Netphen. .

Vor einem Dreivierteljahr hat sich die Stadt Netphen ein Vorkaufsrecht für alle Grundstücke zwischen Bahnhof- und Lahnstraße sowie zu beiden Seiten der Lahnstraße bis zur Einmündung in die Kronprinzenstraße (B 62) gesichert. Wer dort, im zentralen Stadtmitte-Bereich, ein Grundstück verkaufen will, muss das zunächst der Stadt anbieten: Das wird jetzt ernst — die Stadt könnte das Grundstück der Post kaufen.

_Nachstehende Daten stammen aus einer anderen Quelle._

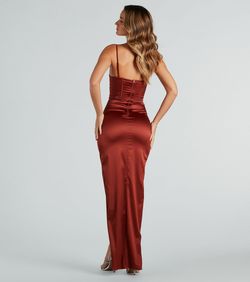 Style 05002-7833 Windsor Red Size 4 05002-7833 Wedding Guest Sweetheart Spaghetti Strap Jersey Side slit Dress on Queenly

Als der Rat die Satzung im Juli 2013 beschlossen hatte, bezeichnete Bürgermeister Paul Wagener das Vorkaufsrecht noch als „kurzfristig wirkungslos“. Dem Ziel, auf die weitere Entwicklung des Einkaufszentrums Einfluss nehmen zu können, kommt die Stadt nun viel früher als erwartet nahe: Das Post-Grundstück wird im Einzelhandelskonzept von 2009 als einer von zwei Standorten genannt, der für den Bau eines Discountmarkts geeignet wäre.

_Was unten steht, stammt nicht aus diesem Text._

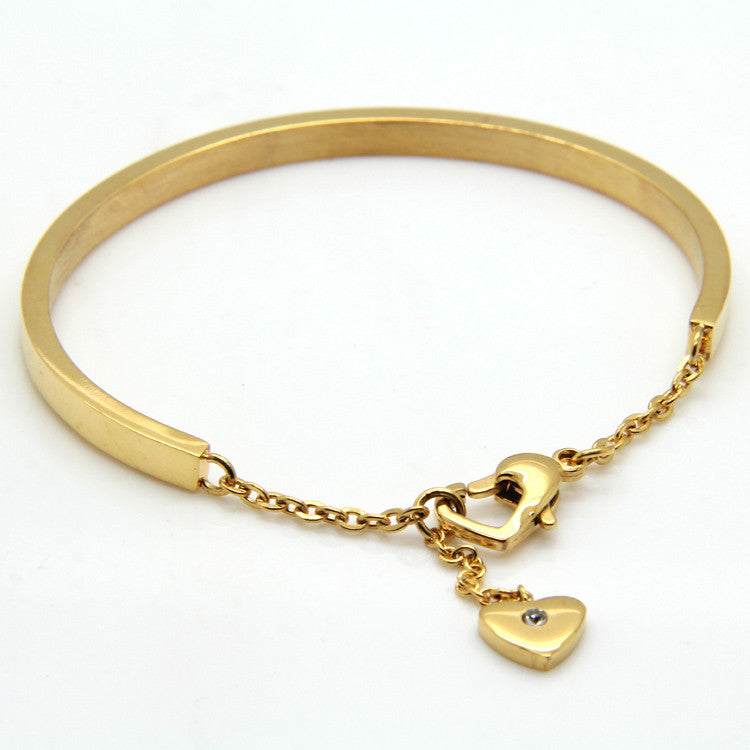 Pretty Lady Gold Bangle Women's Lover Bracelet Jewelry Metal Bracelets Bangles Heart-Shaped Accessories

Abenteuerliche Vorgeschichte

Vor wenigen Tagen sind die Fraktionsvorsitzenden mit der möglichen Entwicklung konfrontiert worden: Die luxemburgische Holding, der der Gebäudekomplex an der Ecke Neumarkt/Talstraße gehört, ist auf ihrer Suche nach einem Käufer endlich fündig geworden. Der Rat steht nun vor der Entscheidung, ob die Stadt die Immobilie dem Investor in Berlin überlässt oder selbst zuschlägt. Finanzieren könnte sie den Kauf aus Mieteinnahmen: vor allem der Post, die dort zwar längst mehr keine Kunden bedient, aber mit ihrem Verteilzentrum noch bis 2015 unter Vertrag ist. Die Schalterhalle ist verwaist, im Obergeschoss betreibt der TVE Einigkeit ein Gesundheitszentrum.

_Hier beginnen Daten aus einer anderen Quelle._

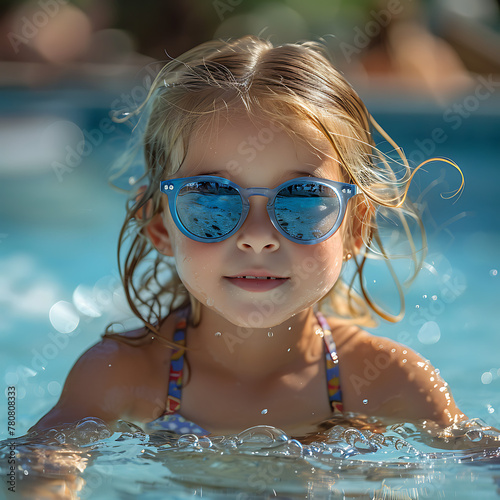 Una niña con gafas de sol azules en la piscina verano  photo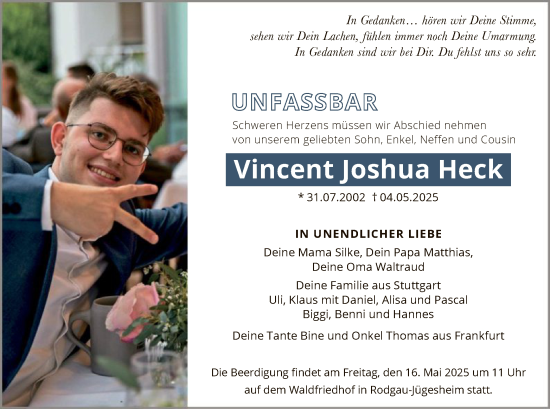 Todesanzeige von Vincent Joshua Heck von OF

Eng mit der Entscheidung über einen Post-Kauf verbunden ist die Perspektive für das Nachbargrundstück; in das dort zeitgleich mit der Post errichtete Gebäude hat sich die Norma-Discountkette eingemietet. Netphens Träume von einem großflächigen neuen Discounter lassen sich nur erfüllen, wenn beide Gebäudekomplexe abgerissen werden — der private Eigentümer müsste dazu entweder auch an die Stadt verkaufen oder sich als Investor für den Neubau engagieren.

Braas ist keine Alternative mehr

Weil im Einkaufszentrum weder Post- noch Parkplatz-Grundstück verfügbar waren, hat Bürgermeister Paul Wagener dafür geworben, das nach dem Bau der Ortsumgehung und der Verlegung der Sieg gewonnene Gelände auf der Braas für einen Discounter bereitzustellen.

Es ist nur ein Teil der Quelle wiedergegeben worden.